Monday, November 28, 2005

I never thought i'd write this post one day !

Have been getting quite a few comments on whether IT is not Like That was written by me, or whether i lifted it from some other source. Well this post should put to rest any such questions, present or future.

well first things first : The post IT is not Like That is MY ORIGINAL WORK. It is not "...yavaag foreign ge ?" that is the title of that post, instead it is "IT is not like that" and it shall remain that way !. It is my experience that is in the post and mine alone, unless i have specifically mentioned otherwise.

The post in question has been doing the rounds for quite sometime now, and quite a few have posted it in their blog as their own work. While some have mentioned that they got it as a forward, a few more though have taken the trouble to find out who the original author is and have got back to me.
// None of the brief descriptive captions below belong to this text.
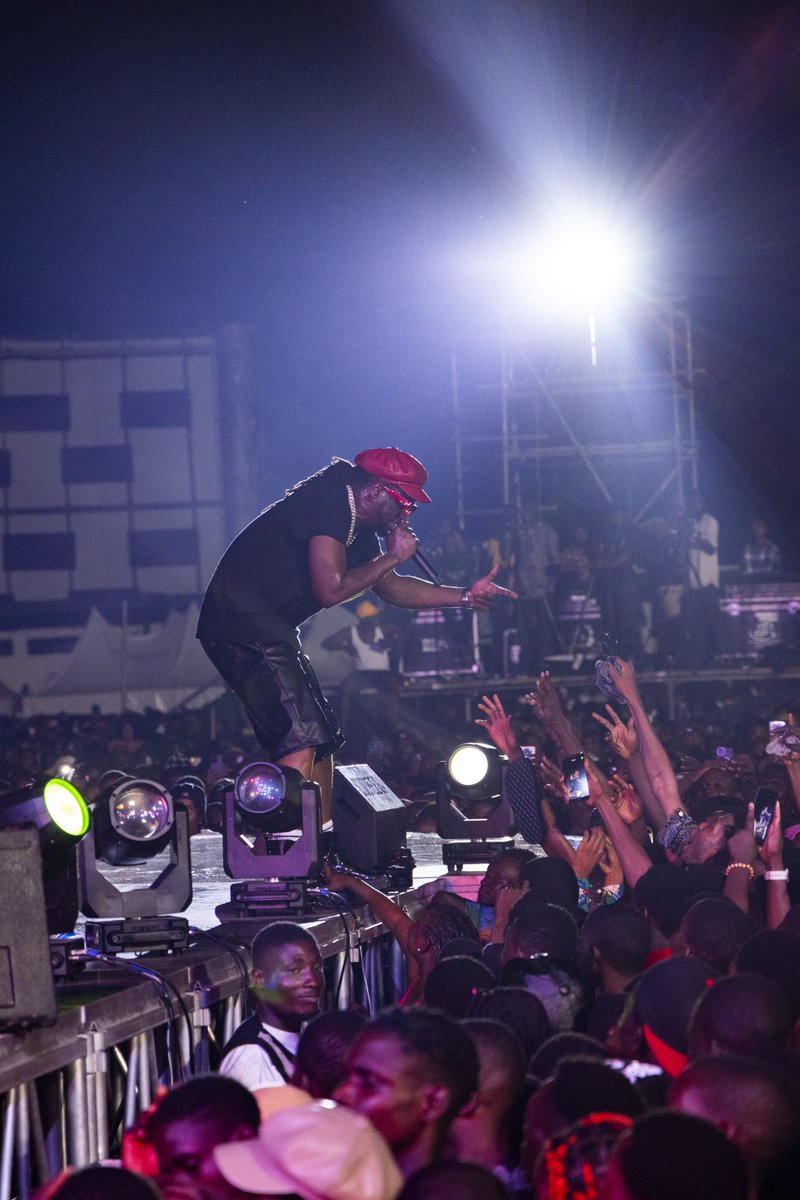 TimayaDay's tweet photo. . @rudeboypsquare on stage you know, it’s times like this we are happier💫❤️ #TimayaDay https://t.co/PV8tzMZ3ll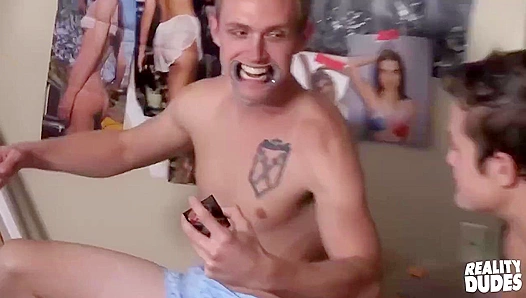 Frat Party Fun: Young Stud Sucks Cock in Busty Dorm Room – GayPornHub 18+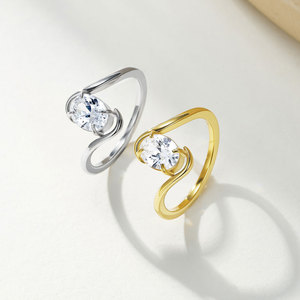 Anello Minimalista EDGE in Acciaio Inossidabile, Design Aperto con Zirconia Cubica, Anello Regolabile per Donne - Product Image 1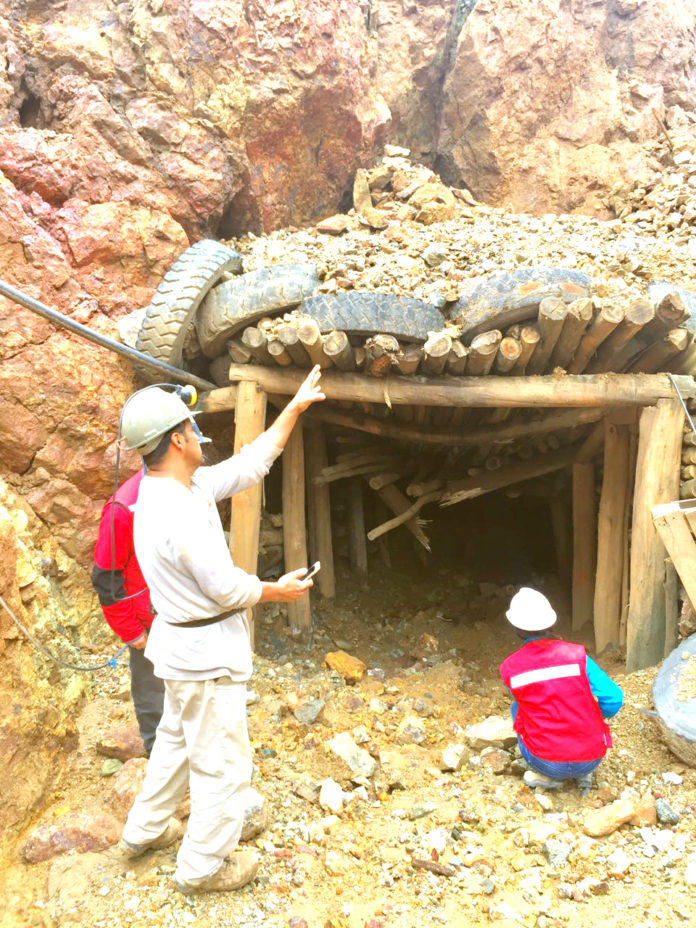 En la imagen tomada ayer en Punitaqui, se observa como la entrada hacia un pique minero se encuentra con su techo desfondado a causa de un derrumbe de piedra y roca.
Bloggers such as Pradeep Kishore, Arjun , Bangloreguy and Jaison are among the few who took the trouble of giving due credits for my post, on their blog.

What pushed me into writing this post on plagiarism was a comment thanks to Ambar, directing me to this site http://vijireflections.blogspot.com/2005/07/eppo-foreign-pore.html which has my post translated in tamil(without my knowledge of course) . The link took me to the copy-cat-blogger who has tried her best to make the post look like it's her original composition. That she has failed pathetically at it is something one does not need a microscope to prove.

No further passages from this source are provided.